O halde şunu tam olarak idrak etmek gerekir ki hüsn-ü zan toplumsal yaşantımız içinde muhatap olduğumuz kardeşlerimiz için gereklidir ve onlar hakkında mümkün mertebe olumlu düşünmek durumundayız ki ümmet olarak var olan bağımız güçlensin ve şeytan, kurşunla kenetlenmiş bir bina gibi kurduğumuz safımıza sızamasın. Ve zalimler ayrılığımızın ve düşmanlığımızın bağında yetişen meyvelerden beslenemesinler. Bu yüzden müslüman kardeşlerimize özellikle bireysel ilişkilerimizde su-i zan, İslam’ın onaylamadığı bir durumdur. Ama, toplumu ilgilendiren herhangi bir meselede ve yaptığı ve yapacağı fecaatleri toplumu ve toplumun imanını etkileyecek olanlara karşı hüsn-ü zan haramdır. Onlara karşı yüreğimizde taşıyacağımız tek his su-i zan olmalıdır ki bir kez daha tuzaklarına düşmeyelim. Bunun dışında bizi yönlendirip bireysel ilişkilerdeki kuralı toplumsal ilişkilerdeki kurala atfetmeye çalışarak bugünün münafıklarını ve zalimlerini ‘ak’lama ve paklamaya çalışanların kendileri de su-i zannımızın muhatabıdır ki bu bizi onlara karşı teyakkuzda tutmakta ve böylece sapmamızı engellemektedir. Nasıl ki geçmişi sürekli tecavüzlerle dolu olan birinin, küçük bir kız çocuğunun başını okşadığını gördüğümüzde ‘ıslah olmuştur nasıl olsa’ diyerek hüsn-ü zan da bulunmayıp hemen tedbir alacaksak, tarihi zulüm ve nifak ile dolu olanların, siyonizmin emirleri ile hareket edenlerin ve müslümanların kanına her coğrafyada girenlerin gülümseyen yüzlerine de aldanmayacağız.

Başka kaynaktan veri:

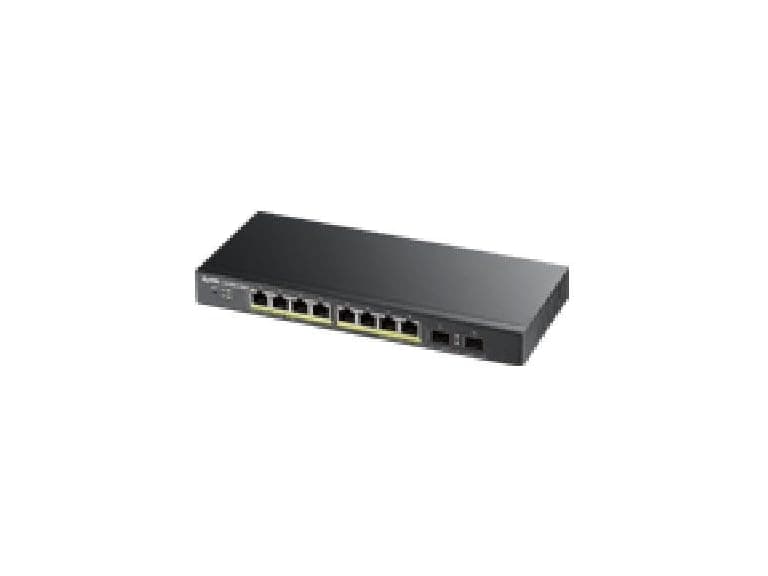 8-Port GbE PoE Web Switch - Image 1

Velhasıl devir vahdet devridir. Devir mümin kardeşlerimize el uzatma ve ümmet arasında hüsn-ü zan devridir. Ama devir aynı zamanda ümmetin gücünü zalimlere peşkeş çekmeye çalışanlara karşı da su-i zan devridir. Uyanık olma ve tedbir alma devridir. Bizden görünseler de bizim gibi yaşamayan, bizim dilimizi konuşsalar da başkaları ile anlaşan, bizim topraklarımızda dolaşsalar da başka topraklara vefa borcu olanlara karşı hüsn-ü zan zillet, su-i zan ise izzet demektir.